Source information START

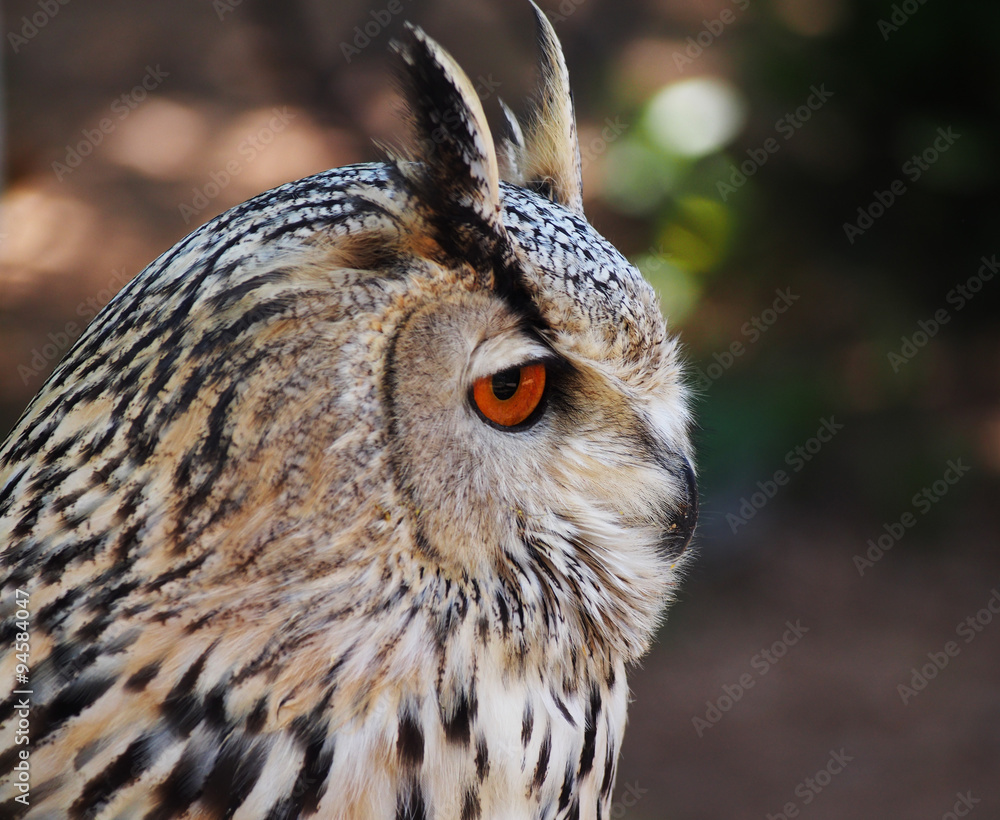 Portrait of royal owl with orange eyes Portrait of royal owl with orange eyes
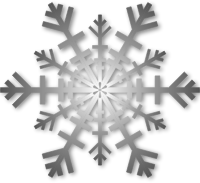 Silver Snowflake with Shadow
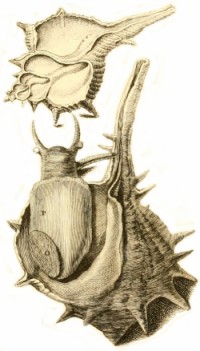 Bolinus brandaris - Muricidae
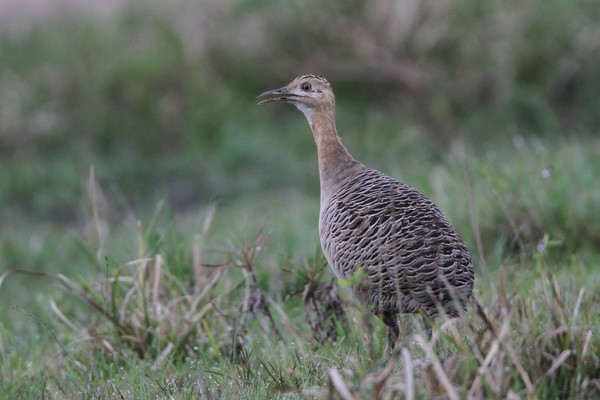 img 7734 tinamou isabelle 24 09 16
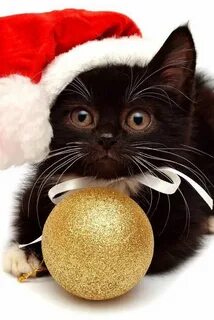 Год кота и кошки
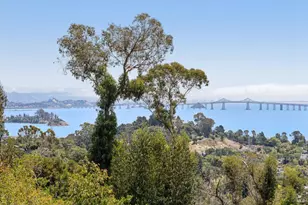 335 Highland Ave, San Rafael, CA 94901 - Photo 50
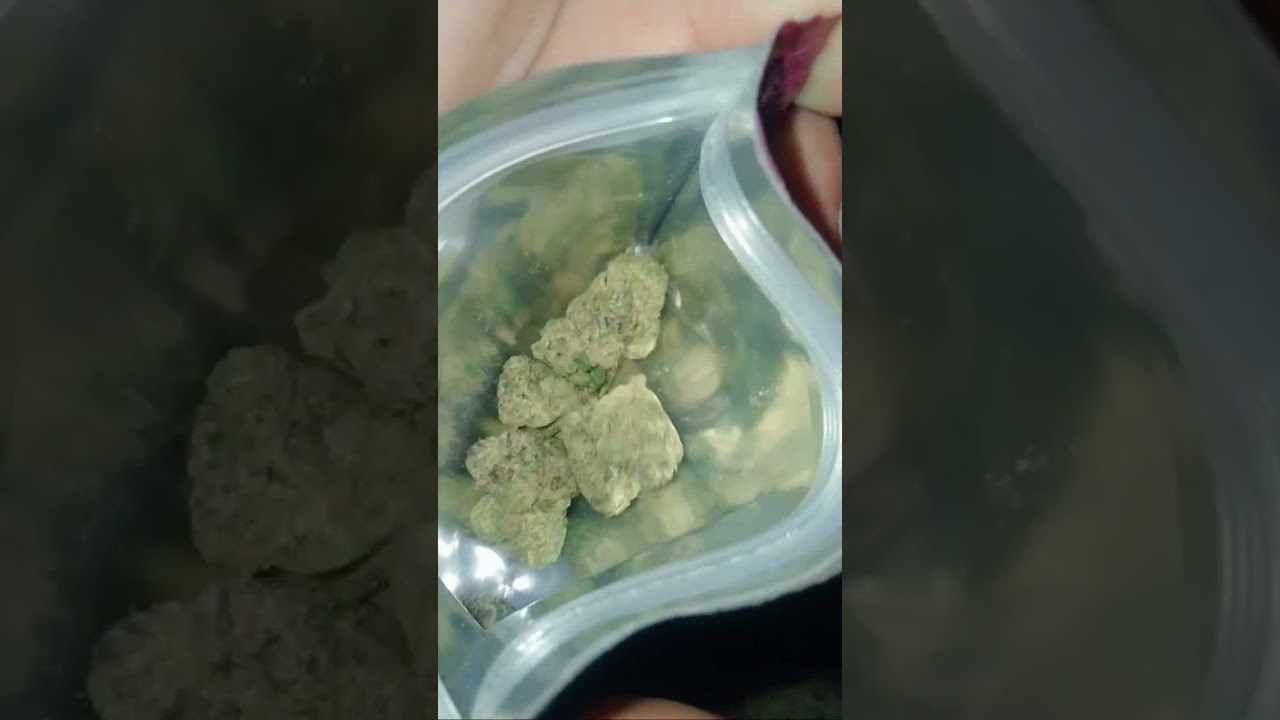 HEADSTASH - FRUIT FIGHT @HeadStashTelevision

Source information END

Exercise description:
Please print all the entries exactly as written, but drop the pictures.

Response to this task:
 Portrait of royal owl with orange eyes Portrait of royal owl with orange eyes
 Silver Snowflake with Shadow
 Bolinus brandaris - Muricidae
 img 7734 tinamou isabelle 24 09 16
 Год кота и кошки
 335 Highland Ave, San Rafael, CA 94901 - Photo 50
 HEADSTASH - FRUIT FIGHT @HeadStashTelevision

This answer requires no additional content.